* **Input data**:

::::::::::

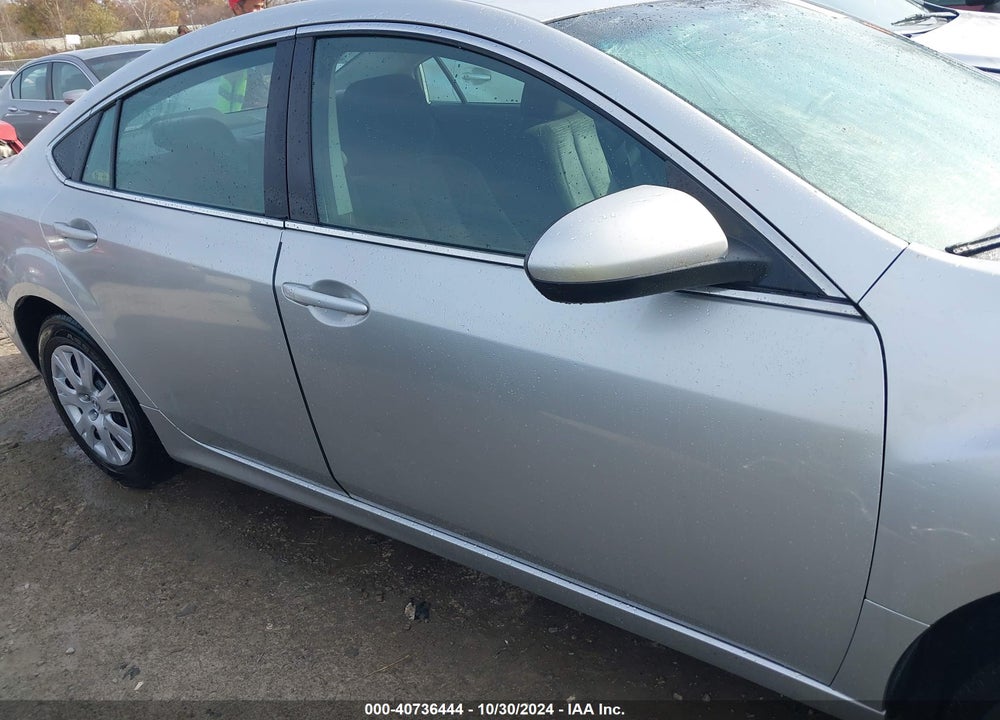 2010 MAZDA 6 VIN: 1YVHZ8BH7A5M32528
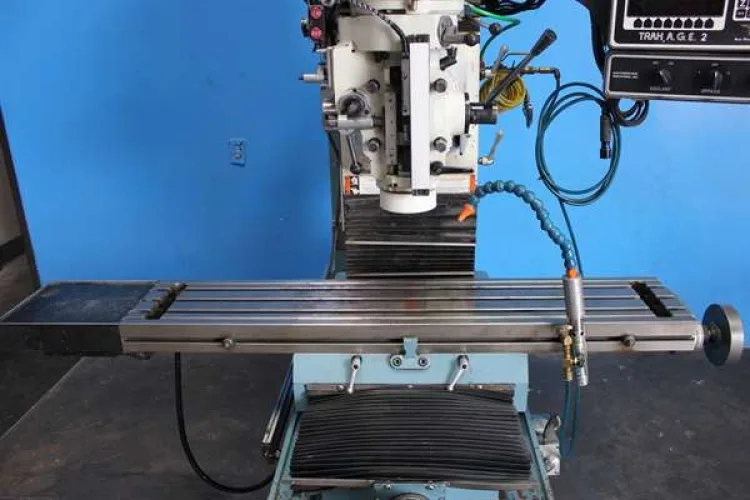Photo #111 of SECURED PARTY REPOSSESSIONS: LATHES, VERTICAL MILLS, BORING MILL, BAND SAWS, POWER SHEAR, AIR COMPRESSOR AND MORE!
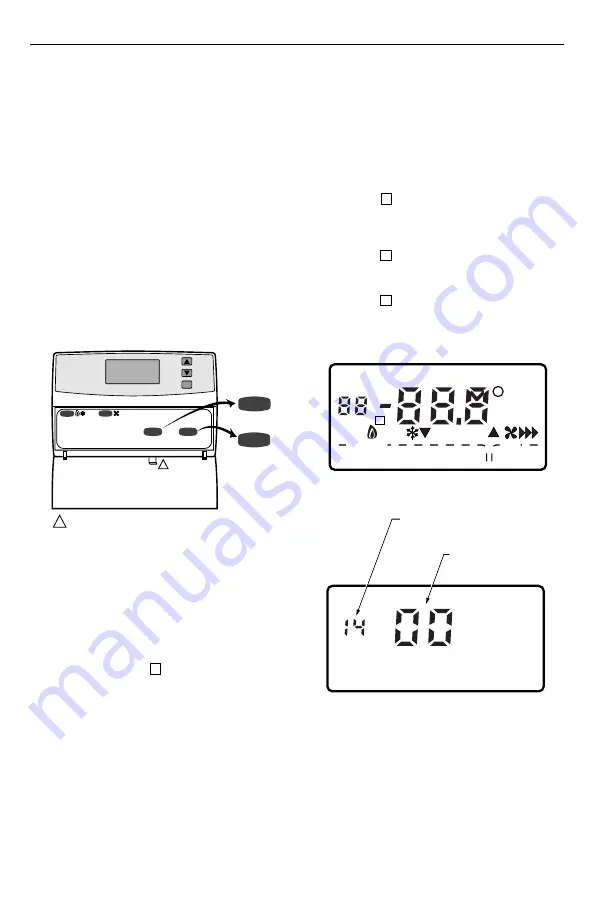 Honeywell DELUXEHEATPUMP T8511G Installation Instructions Manual Download Page 4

::::::::::

* **To do**:
Exact output of each line above is wanted, without the pictures.

* **Task output**:
 2010 MAZDA 6 VIN: 1YVHZ8BH7A5M32528
Photo #111 of SECURED PARTY REPOSSESSIONS: LATHES, VERTICAL MILLS, BORING MILL, BAND SAWS, POWER SHEAR, AIR COMPRESSOR AND MORE!
 Honeywell DELUXEHEATPUMP T8511G Installation Instructions Manual Download Page 4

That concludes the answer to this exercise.